### Given information ###
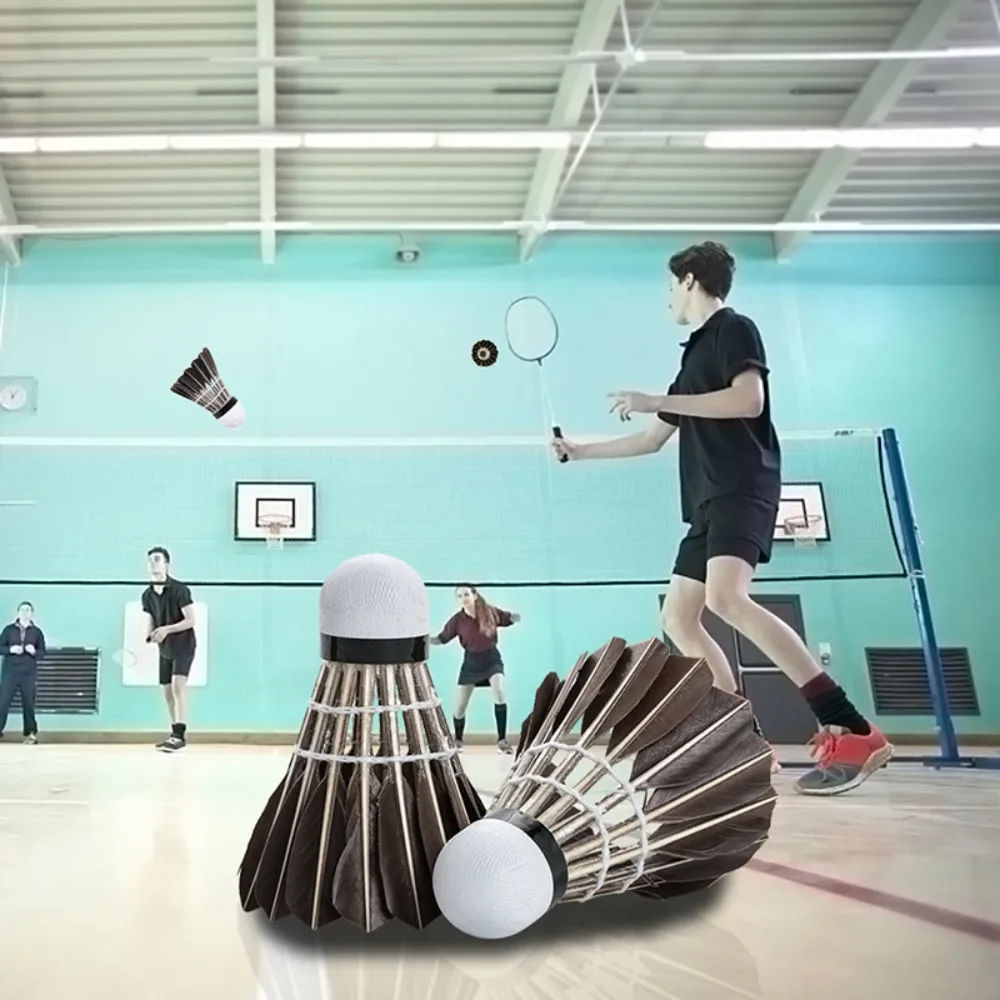 Volantes de bádminton profesionales – Pluma de ganso negro para entrenamiento - imagen 5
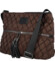 Dámská crossbody kabelka coffee - Firenze Nellisa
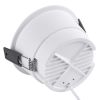 GLOBOSTAR® PLUTO-B 60258 Χωνευτό Downlight Σποτ με Honeycomb Anti Glare Reflector LED 15W 1950lm 38° AC 220-240V IP20 Φυσικό Λευκό 4500K - Bridgelux COB Chip & TÜV SÜD Driver - Λευκό & Μαύρο Ματ - Μ10.4 x Π10.4 x Υ6.5cm / Q9.5cm - 5 Χρόνια Εγγύηση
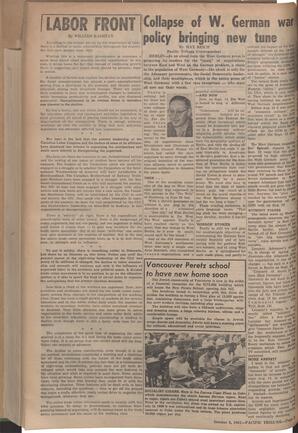   The Pacific Tribune - Friday, October 6, 1961   , page 2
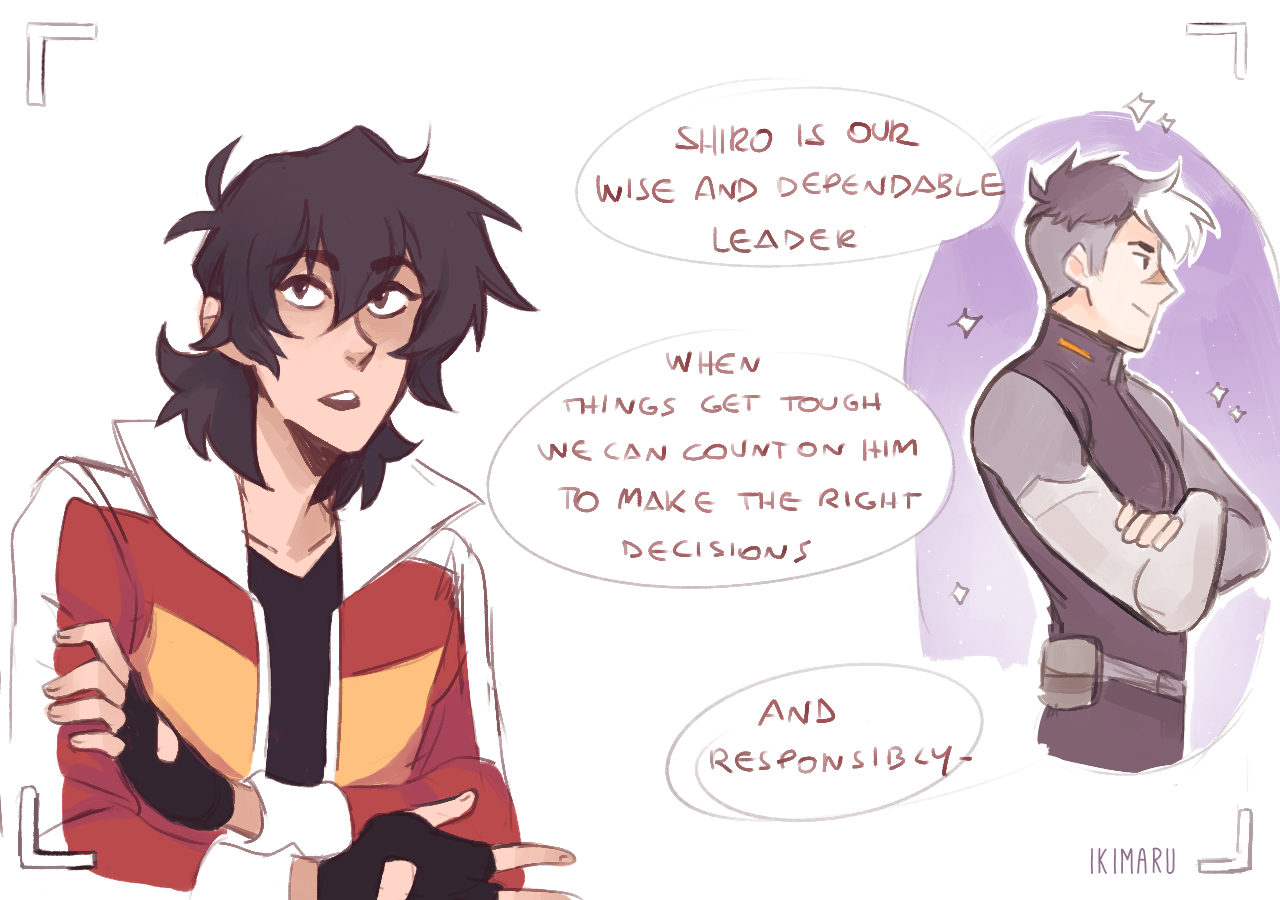 ikimaru: based on that mockumentary suggestion from a while ago ft Shiro lmao also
###
Requirement:
Restate exactly, and only, the lines from the one that holds "GLOBOSTAR® PLUTO-B 60258" down to the last line of the material above. Omit the pictures.

Solution to this problem:
 GLOBOSTAR® PLUTO-B 60258 Χωνευτό Downlight Σποτ με Honeycomb Anti Glare Reflector LED 15W 1950lm 38° AC 220-240V IP20 Φυσικό Λευκό 4500K - Bridgelux COB Chip & TÜV SÜD Driver - Λευκό & Μαύρο Ματ - Μ10.4 x Π10.4 x Υ6.5cm / Q9.5cm - 5 Χρόνια Εγγύηση
   The Pacific Tribune - Friday, October 6, 1961   , page 2
 ikimaru: based on that mockumentary suggestion from a while ago ft Shiro lmao also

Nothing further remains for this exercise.